I will say that the book is obviously a bit dated. It was published in 1997 and it shows. It was also written primarily for pastors and elders (terms used synonymously throughout the book… so if you are uncomfortable with that sort of think you may want to pass… or just change your position). The main idea of the book is that good pastors are good shepherds, and good shepherds are recognizable because they smell like sheep. They smell like sheep because they are always with their sheep. From that main idea you can tell the book works out a relational, mentorship type leadership model that is build around the shepherding model demonstrated by Jesus in the New Testament.

Anderson divides the book into two major sections. The first section addresses what sort of things good shepherds do and the second section addresses what type of people good shepherds are. The book is extremely practical in nature and is very helpful and encouraging. It was a challenge to me personally. Relational leadership on Jesus’ level is difficult in the technical age that we live in. We can be “connected” in so many different ways without ever REALLY being connected to someone in the culture we live in. Anderson challenged my understanding of pastoral leadership and I think he will yours as well.

Prayer: How Praying Together Shapes the Church by John Onwuchekwa (2018)


Onwuchekwa… I find myself just saying that name throughout the day. It really has a great ring to it. I have a friend and leader at our church who keeps me up with all the latest installments of the 9Marks books and for that I am grateful. I have yet to run into one that I have not found enjoyable and useful.

For those of you who are not familiar, 9Marks is a series of resources put out by Capitol Hill Baptist Church in Washington, D.C. and their pastor, Mark Dever. Dever wrote the original book, “Nine Marks to a Healthy Church,” in which he outlined the nine marks that he believed were essential to having a healthy biblical church as defined by the New Testament. Dever now has a team of pastors and authors who publish new books and material regularly that expand upon that original idea.

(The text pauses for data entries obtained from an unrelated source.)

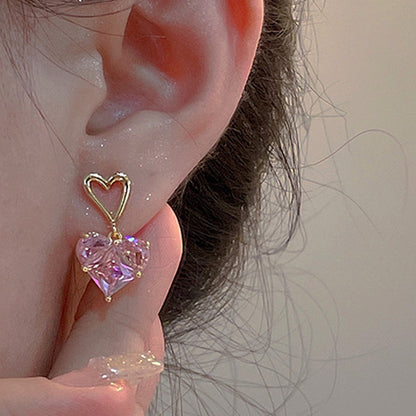 Ein Paar elegante Herzenohrringe mit rosa Kristall und ggoldenen Herzen getragen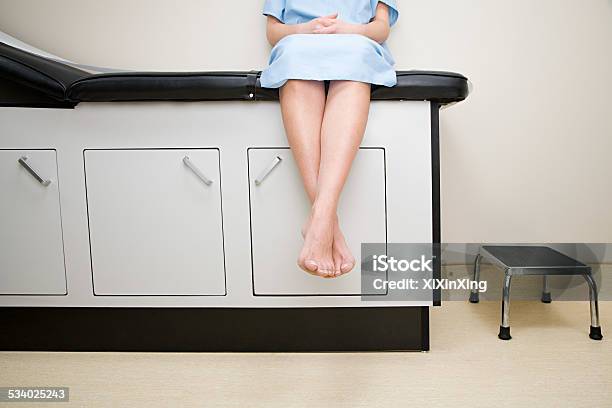 Patient Sitting On Treatment Couch Stock Photo - Download Image Now - Doctor's Office, Hospital Gown, Waiting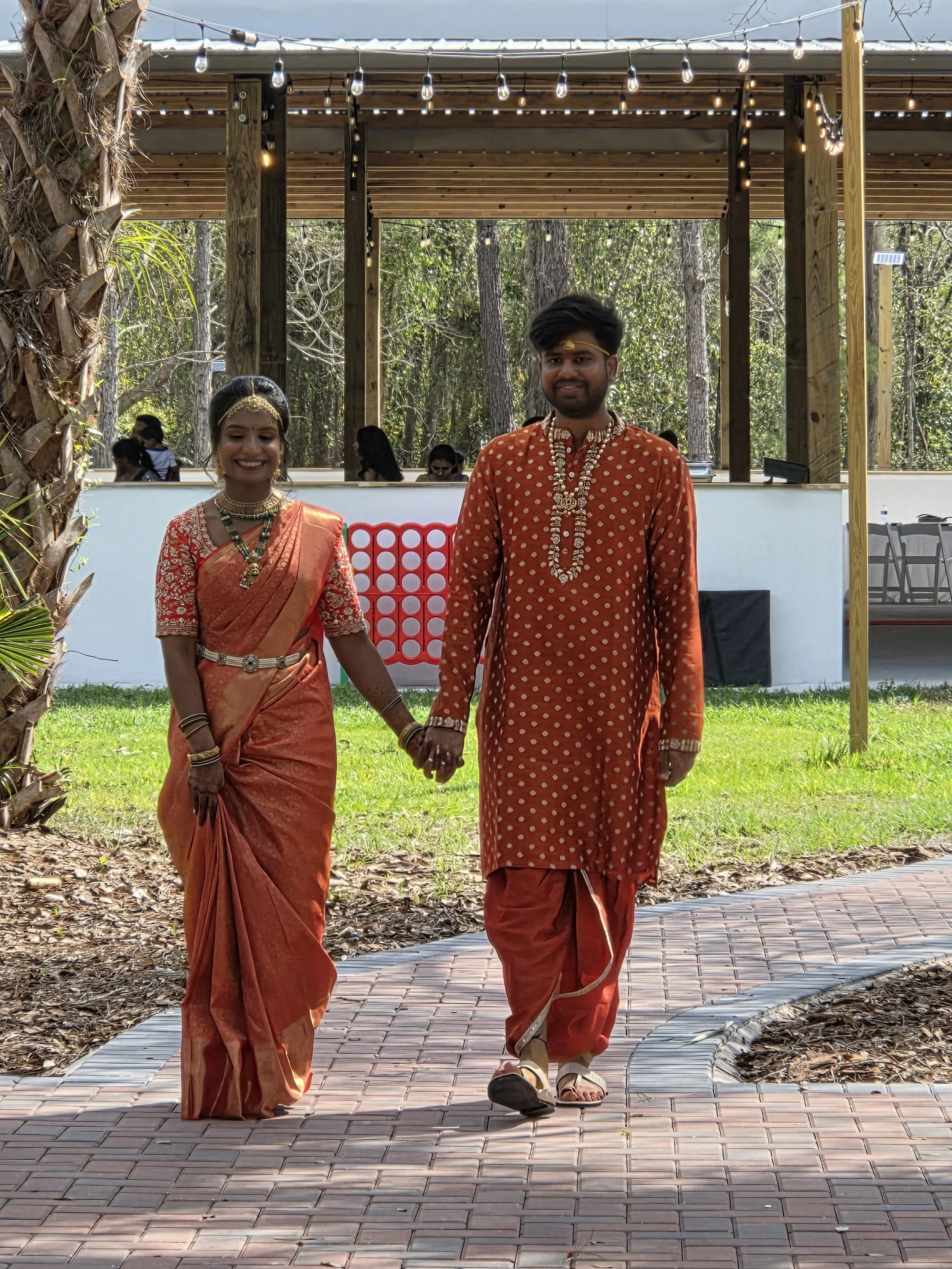 A young couple dressed in traditional Indian clothing, holding hands and walking outdoors on a curved brick path surrounded by greenery and tall trees. The woman is smiling and wearing a red and gold saree with jewelry, while the man is wearing an or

This latest installment by John Onwucheckwa (say it again) is a really great addition. Onwucheckwa is actually a pastor in Atlanta and serves as a council member for The Gospel Coalition. What is so interesting about this book is that it is not about personal prayer. It is about corporate, or church prayer. The reason that is so interesting is that there is so little out there that is like this. There are plenty of resources out there giving instruction about how to improve your personal prayer life. But there is SO little available on the importance of praying IN THE CHURCH. There is so little on HOW to pray in the church and on WHY we pray in church and on how those prayers shape everything else we do in the church. So this book really is a unique resource for all Christians. And at only 127 pages it isn’t a huge commitment either. So why not give it a try?

Get Out of the Zone.


I will admit it, I am SO much more comfortable reading The Mortification of Sin by John Owen or The Nature and Attributes of God by A.W. Pink or Biblical Theology by Geerhardus Vos, and you should read those books. You should. You really, really should. But we should all also read books that are outside of our norm. We should read books that bring us out of our comfort zones. What is your comfort zone? Is it history? Is it devotional? Christian living? Fiction? Harry Potter? Reader’s Digest? Whatever it may be, go find yourself a book that is outside of your comfort zone and get it. Read it. Enjoy it. It is good to get out of our zone some times.

What’s Next?

I just began reading Redemption Accomplished and Applied by John Murray and Six Ways the Old Testament Still Speaks Today: An Interactive Guide by Alec Motyer. Obviously I am getting back into my comfort zone. Hopefully you will pick up one of the books above and enjoy them. Or this will encourage you to pick up a book outside of your comfort zone. Maybe you will explore a book that you never imagined you would explore before. Go ahead, try it.